▸ Brief
Emit a verbatim copy of the lines running from the line with "Ama Dablam mountain" through the end of the material below.

▸ Raw data
━━━━
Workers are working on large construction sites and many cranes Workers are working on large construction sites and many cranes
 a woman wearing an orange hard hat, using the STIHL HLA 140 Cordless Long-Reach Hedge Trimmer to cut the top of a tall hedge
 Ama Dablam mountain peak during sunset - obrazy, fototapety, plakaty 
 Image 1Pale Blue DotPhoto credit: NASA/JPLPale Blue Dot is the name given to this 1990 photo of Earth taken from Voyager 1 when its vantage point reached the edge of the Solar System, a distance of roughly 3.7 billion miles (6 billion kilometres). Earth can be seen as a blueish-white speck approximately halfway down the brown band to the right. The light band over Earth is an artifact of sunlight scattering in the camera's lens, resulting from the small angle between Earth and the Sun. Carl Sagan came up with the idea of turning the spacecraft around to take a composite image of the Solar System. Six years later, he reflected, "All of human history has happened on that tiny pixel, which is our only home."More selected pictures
━━━━
▸ Exercise result
 Ama Dablam mountain peak during sunset - obrazy, fototapety, plakaty 
 Image 1Pale Blue DotPhoto credit: NASA/JPLPale Blue Dot is the name given to this 1990 photo of Earth taken from Voyager 1 when its vantage point reached the edge of the Solar System, a distance of roughly 3.7 billion miles (6 billion kilometres). Earth can be seen as a blueish-white speck approximately halfway down the brown band to the right. The light band over Earth is an artifact of sunlight scattering in the camera's lens, resulting from the small angle between Earth and the Sun. Carl Sagan came up with the idea of turning the spacecraft around to take a composite image of the Solar System. Six years later, he reflected, "All of human history has happened on that tiny pixel, which is our only home."More selected pictures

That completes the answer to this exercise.